[GIVEN ENTRIES]

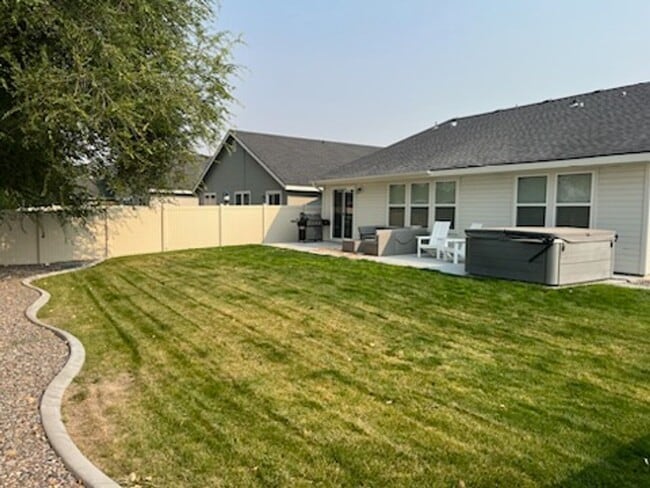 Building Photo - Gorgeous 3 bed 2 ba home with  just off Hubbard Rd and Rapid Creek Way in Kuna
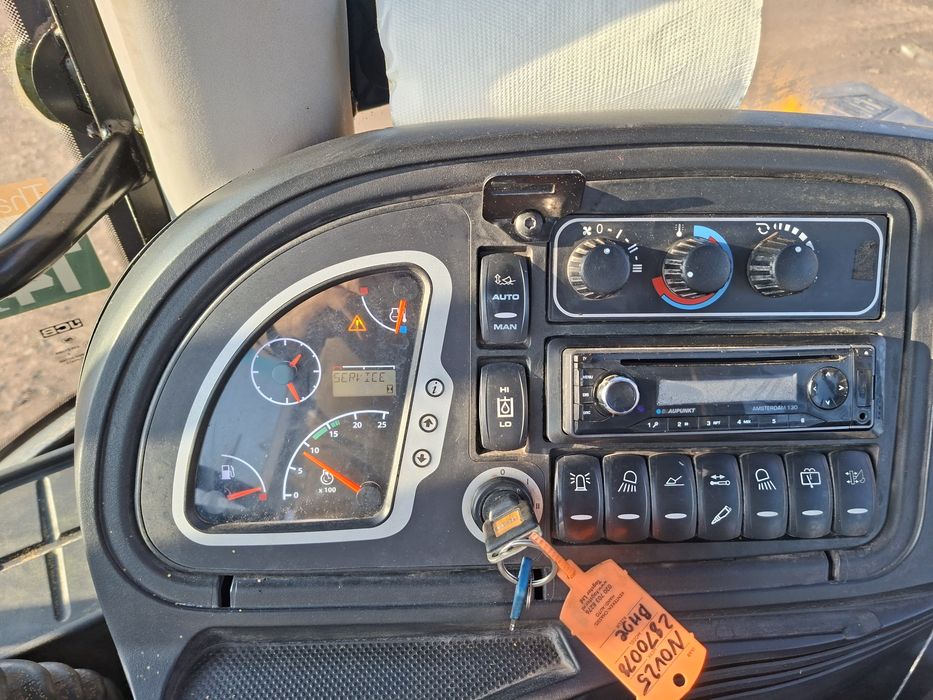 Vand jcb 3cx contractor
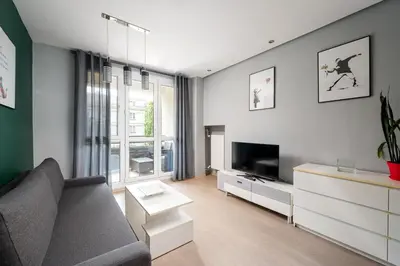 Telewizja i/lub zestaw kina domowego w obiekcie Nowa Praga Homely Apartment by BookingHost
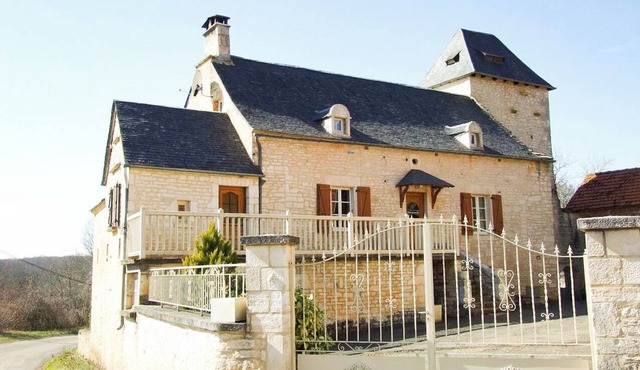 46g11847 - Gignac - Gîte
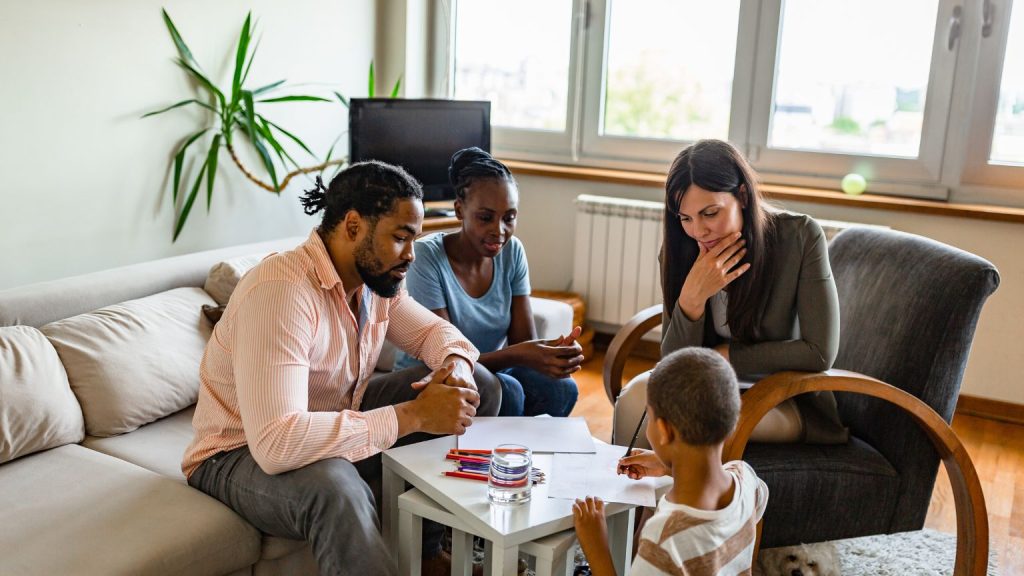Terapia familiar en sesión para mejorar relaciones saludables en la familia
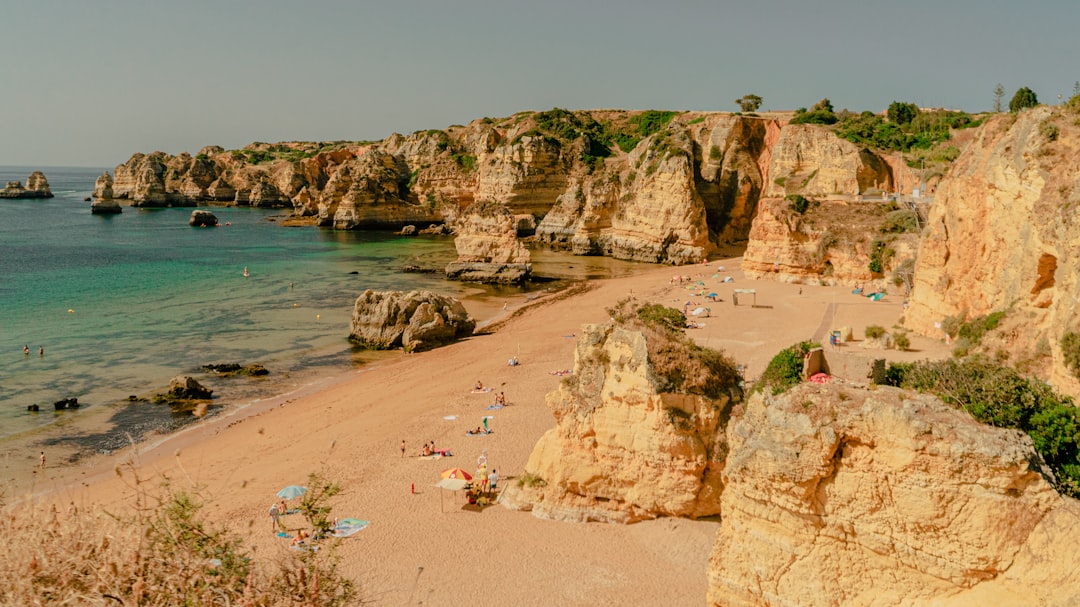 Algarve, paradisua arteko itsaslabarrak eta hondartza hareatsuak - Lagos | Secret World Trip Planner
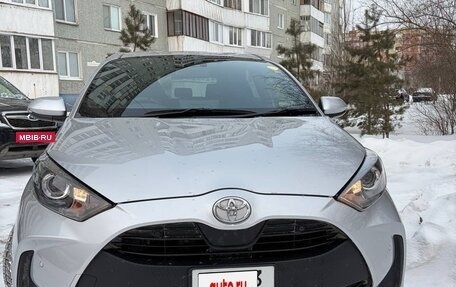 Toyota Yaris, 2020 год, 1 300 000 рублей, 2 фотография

[/GIVEN ENTRIES]
[GIVEN ENTRIES]

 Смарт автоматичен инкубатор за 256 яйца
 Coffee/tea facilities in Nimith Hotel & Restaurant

[/GIVEN ENTRIES]
[GIVEN ENTRIES]

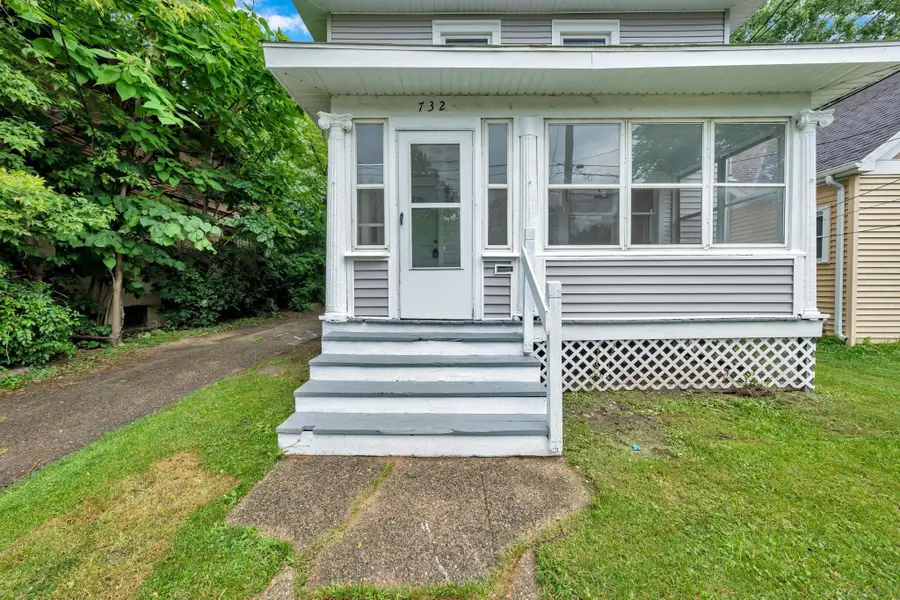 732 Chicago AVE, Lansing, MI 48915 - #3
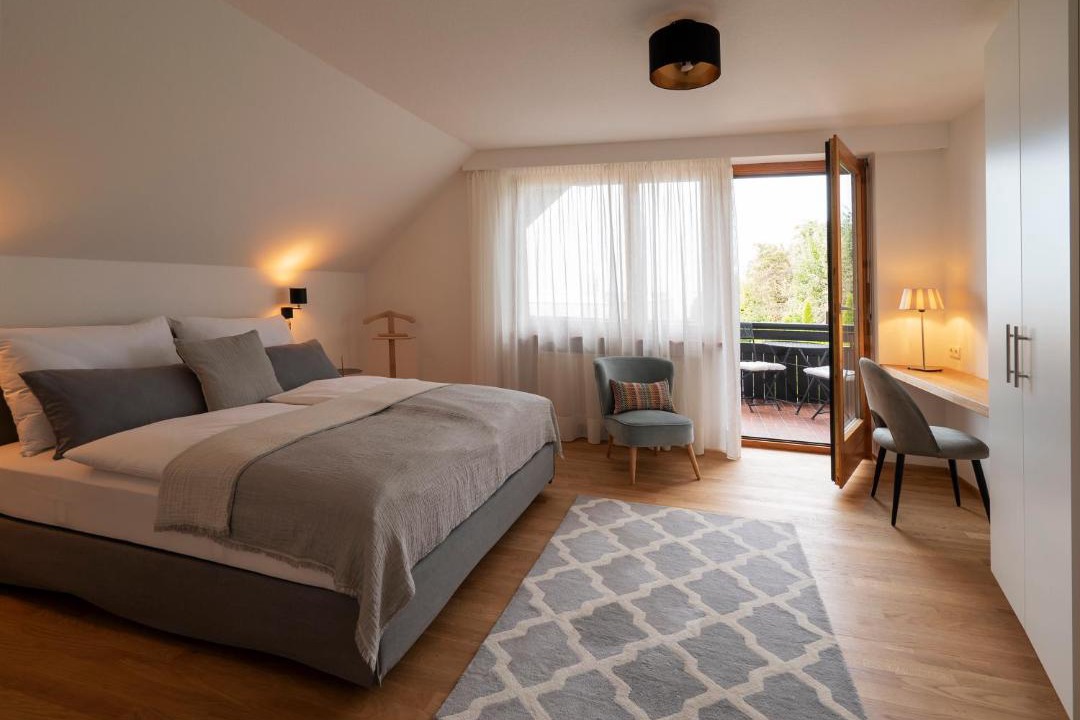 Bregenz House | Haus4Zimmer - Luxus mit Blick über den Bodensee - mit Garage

[/GIVEN ENTRIES]

* EXERCISE
Every line from the one with "Building Photo - Gorgeous" through the one with "Toyota Yaris, 2020" is to be reproduced exactly as written above, and the pictures are to be dropped.

* ANSWER BELOW
 Building Photo - Gorgeous 3 bed 2 ba home with  just off Hubbard Rd and Rapid Creek Way in Kuna
 Vand jcb 3cx contractor
 Telewizja i/lub zestaw kina domowego w obiekcie Nowa Praga Homely Apartment by BookingHost
 46g11847 - Gignac - Gîte
Terapia familiar en sesión para mejorar relaciones saludables en la familia
 Algarve, paradisua arteko itsaslabarrak eta hondartza hareatsuak - Lagos | Secret World Trip Planner
 Toyota Yaris, 2020 год, 1 300 000 рублей, 2 фотография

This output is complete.